23.6.10

Saldır Marsel! Okey, Let's Go...

2001 yazı.. Henüz 15 yaşında, sporu sadece spor için izleyen biriydim. Sydney Olimpiyatları ve Hollanda'nın yine şampiyon olamadığı bir Avrupa Şampiyonası'nın ardından bocalamıştım, birden sporsuz kalınca... Yetmezmiş gibi 2. kez emeklilikten dönmüş olan Michal Jordan satın aldığı oyuncularını motive etmek bahanesiyle Washington Wizards formasıyla, yıllarca giydiği siyah-kırmızı(!) Bulls formasına ihanet ettiği yetmezmiş gibi ortalama bir performans göstermiş ve gözümde büyüttüğüm "Majesteleri"nin kıymetini sorgulatır olmuştu...
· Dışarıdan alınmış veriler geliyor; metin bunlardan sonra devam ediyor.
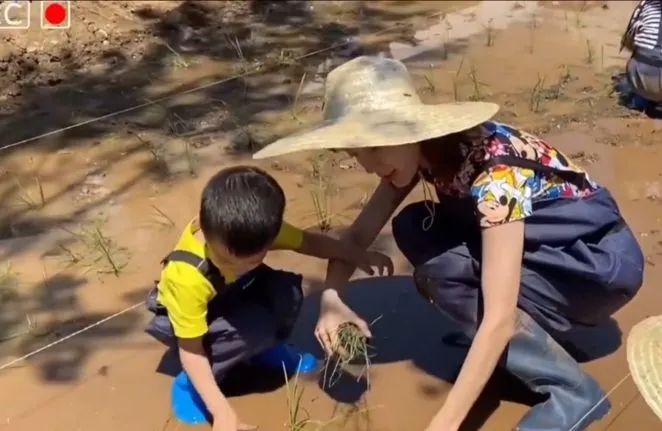 树艺蛙APP|“孙俪带孩子上海义卖,郭晶晶带儿子插秧,我的女儿学着当名媛”
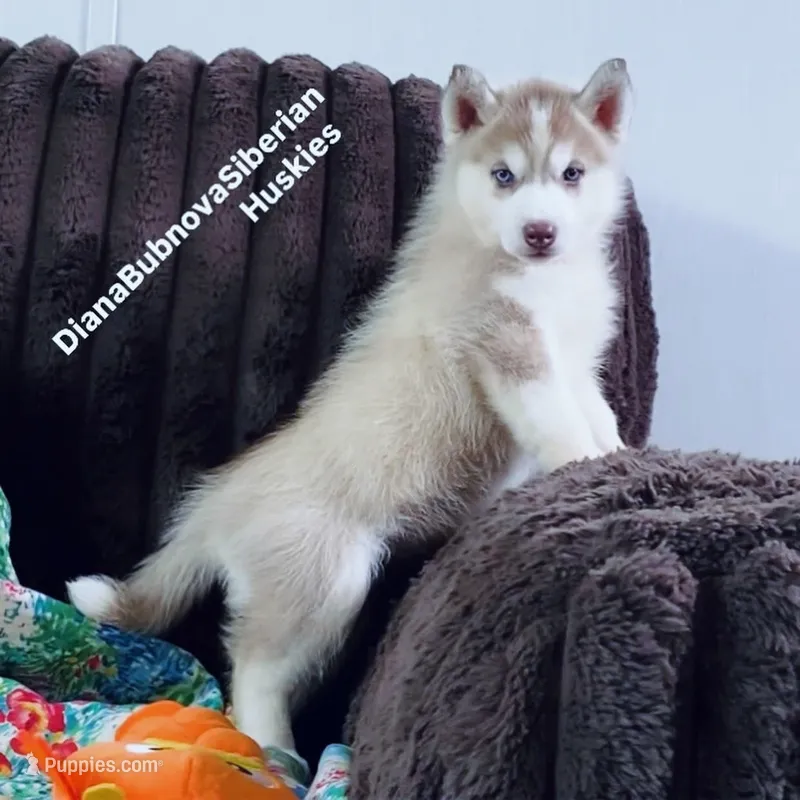 RED GIRL ( One Blue/One Green Eye )  – Siberian Husky puppy for sale in Greensboro, NC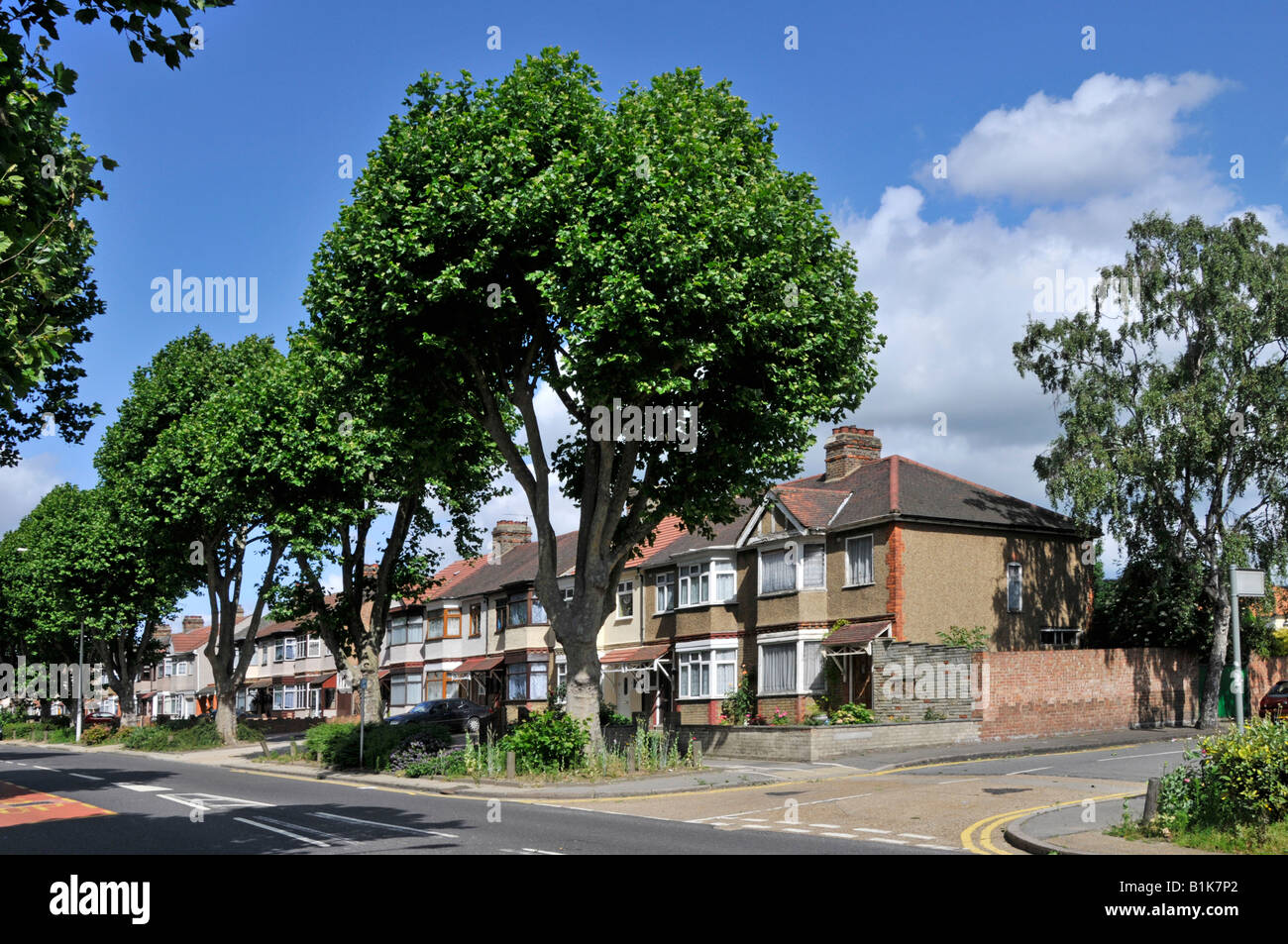 Strada di case semi-indipendenti sovrastate da alberi molto alti lungo la strada possibilità di danni radicali alle fondamenta Romford Greater London Borough UK Foto Stock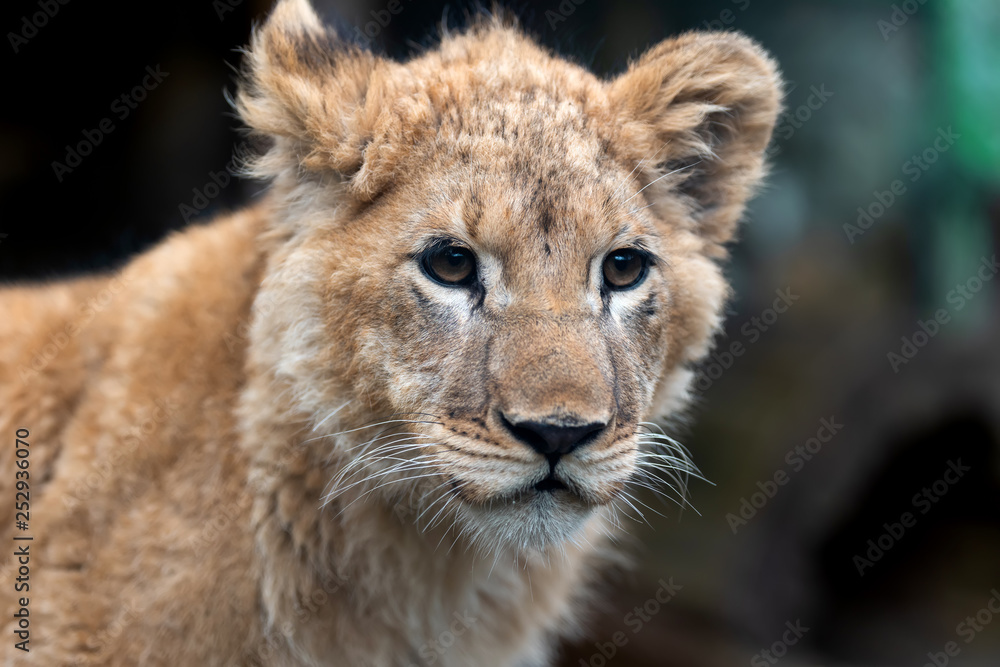 Obraz premium Lion cub in spring time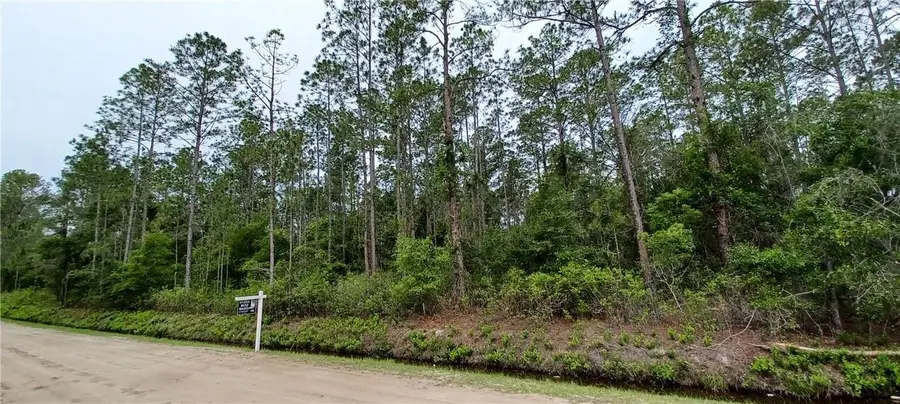 10695 Erickson Avenue, Hastings, FL 32145 - Image #2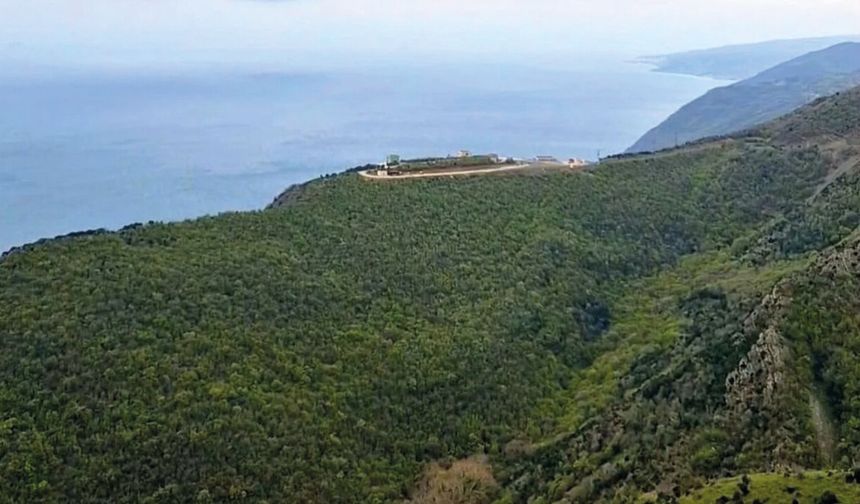 Tekirdağ’da Ormanlara Giriş Yasaklandı! Yasak 12 Haziran’da Başlıyor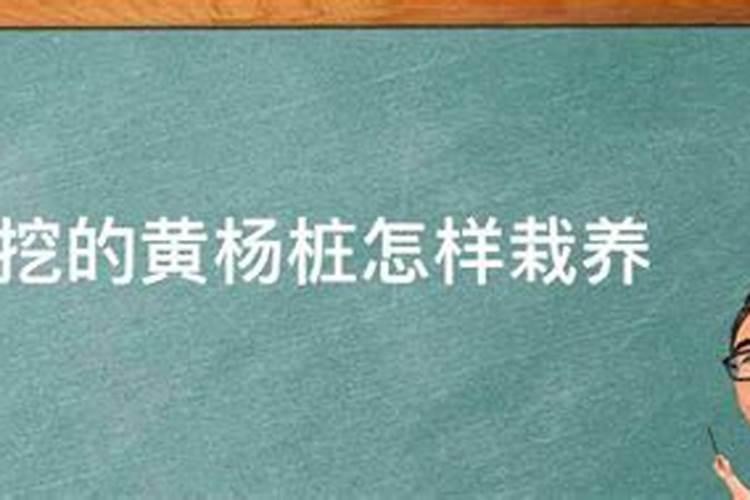 松树最好的肥料是什么？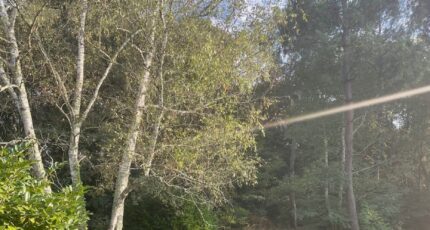 Saint-Aubin-de-Médoc Terrain à bâtir - 2288080-11016annonce120250930RFAcB.jpeg Maisons Open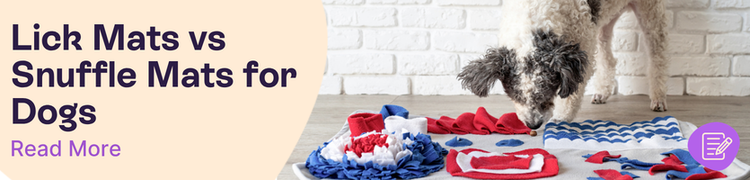 white and grey dog sniffing a snuffle mat for treats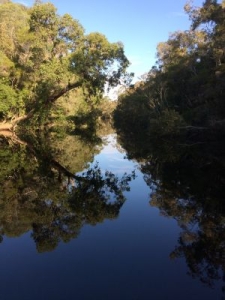noosa everglades 005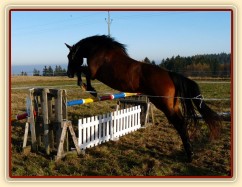 Tříletá klisna Highland, Irský sportovní kůň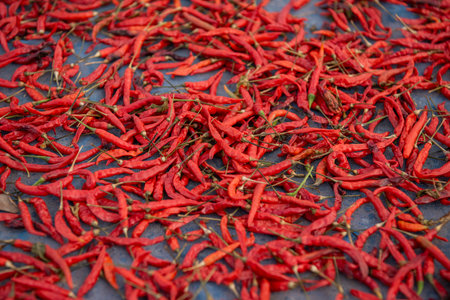 Red Chili Pepper drying at sun in the Ban Khlong Yang Village in the Province of Sa Kaeo in...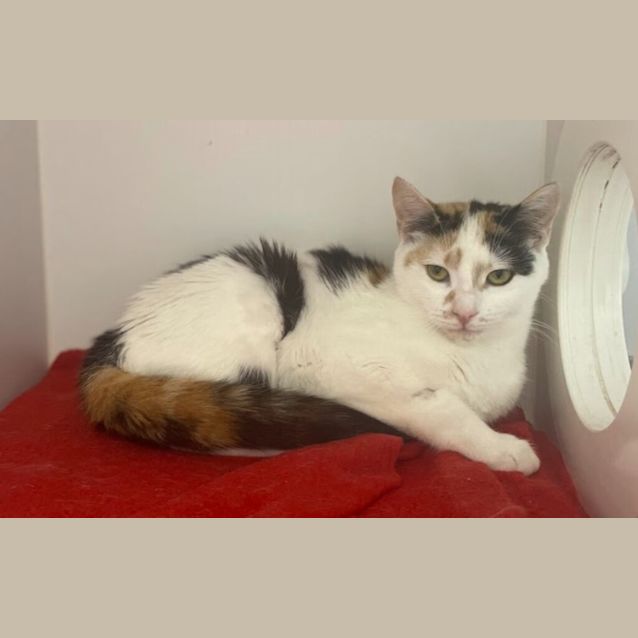 Photo of Luna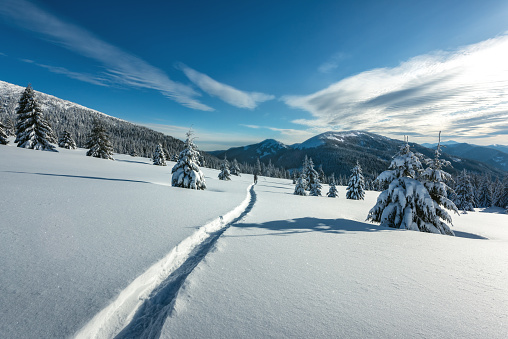 Fantastic winter landscape with snowy trees. Carpathians, Ukraine, Europe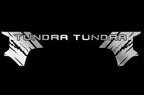 Toyota Tundra Wrap Kit - Quarter Panel Vinyl - TUNDRA (2014-2018) - RacerX Customs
En beteri de Eskişehirspor yine çıkamamıştı düştüğü 2B çukurundan...

İşte tam da bu kadar tatsızlığın arasında nefes almak için alternatiflere yönelmiştim ki, TRT Wimbledon Tenis Turnuvası'yla göz kırptı bana... Son bir şans verdim 2001 yazına ve hayatımın en doğru hareketlerinden birini yaptığımı anladım Goran Ivanišević sayesinde!



O yıl normal şartlarda, 125. sırada olduğu için, turnuvaya katılamayacak olan Hırvat Tenisçi'ye davet gönderen organizatörler işin bu noktaya geleceğini asla tahmin edememiştir. Her turda, bu kez şansı yaver gitmez denilen Hırvat raket* finale kadar geldi ve şampiyon oldu! Ama, benim asıl ilgimi çeken şey Wimbledon tarihinde görülmemiş bir şekilde "tribün" yapan Hırvat seyircilerdi.. Geleneklere son derece dikkat edilen; seyirci kitlesi hakkında konuşulurken prestij, elit, üst sınıf gibi terimlerin sıkça kullanıldığı bu turnuvaya belki de ömürleri boyunca bir daha denk gelemeyecekleri bir başarı öyküsünü izlemeye gelmiş halk sınıfı vardı tribünlerde... Özellikle final maçında baş hakem tarafından defalarca uyarılmasına rağmen her sayıdan sonra gol olmuşçasına sevinen Hırvat seyirciler yüzümü öyle güldürüyordu ki, hakemin yaptığını küstahlık olarak algılıyordum... Çünkü, o kadar benziyoruz ki o gün orada bulunan Hırvat seyircilerle, benimsemiştim Ivanisevic'i.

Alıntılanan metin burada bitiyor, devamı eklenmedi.